- Problem:
From the records below, extract only the lines running from the line with "NEMIX RAM 32GB" to the line with "Paire de chaises", both lines included, reproducing them exactly.

- Given data:
-- Opening Marker --

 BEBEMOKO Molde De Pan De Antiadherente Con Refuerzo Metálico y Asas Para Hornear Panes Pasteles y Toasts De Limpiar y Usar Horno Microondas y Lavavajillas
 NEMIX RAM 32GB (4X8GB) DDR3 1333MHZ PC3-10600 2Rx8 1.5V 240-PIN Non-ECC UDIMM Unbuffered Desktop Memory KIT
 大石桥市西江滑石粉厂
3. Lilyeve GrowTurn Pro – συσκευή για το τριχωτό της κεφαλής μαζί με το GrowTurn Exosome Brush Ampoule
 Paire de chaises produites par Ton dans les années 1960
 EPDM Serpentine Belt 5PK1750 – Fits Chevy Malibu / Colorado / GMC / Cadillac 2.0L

-- Closing Marker --
-- Opening Marker --

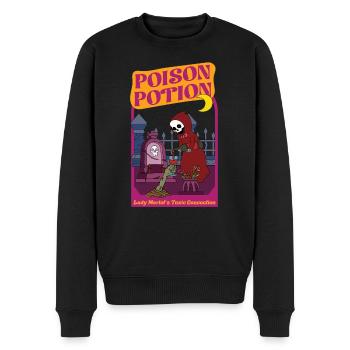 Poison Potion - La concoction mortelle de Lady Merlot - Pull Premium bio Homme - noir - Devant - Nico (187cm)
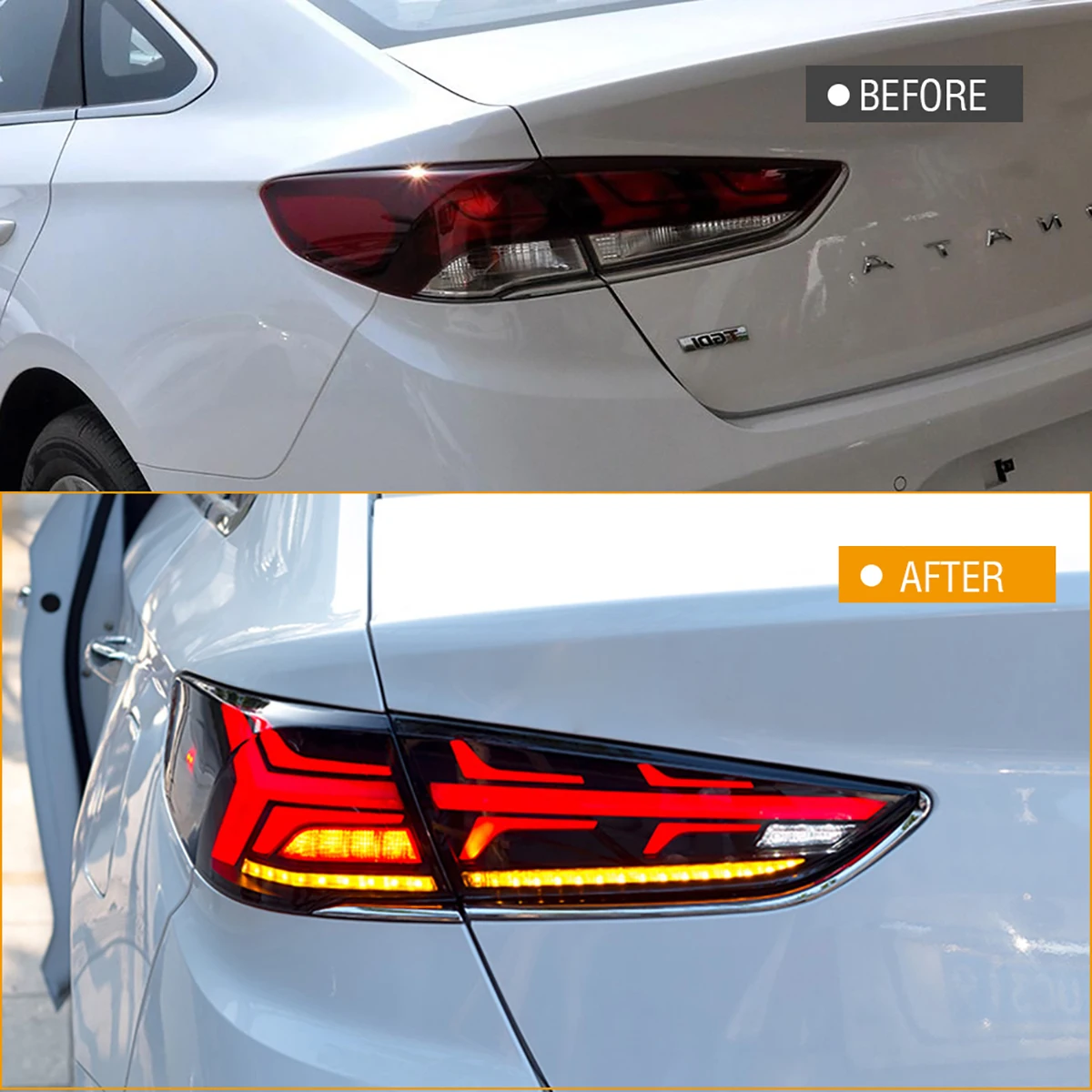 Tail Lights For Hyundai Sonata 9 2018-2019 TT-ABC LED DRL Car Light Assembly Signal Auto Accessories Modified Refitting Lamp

-- Closing Marker --

- Exercise output:
 NEMIX RAM 32GB (4X8GB) DDR3 1333MHZ PC3-10600 2Rx8 1.5V 240-PIN Non-ECC UDIMM Unbuffered Desktop Memory KIT
 大石桥市西江滑石粉厂
3. Lilyeve GrowTurn Pro – συσκευή για το τριχωτό της κεφαλής μαζί με το GrowTurn Exosome Brush Ampoule
 Paire de chaises produites par Ton dans les années 1960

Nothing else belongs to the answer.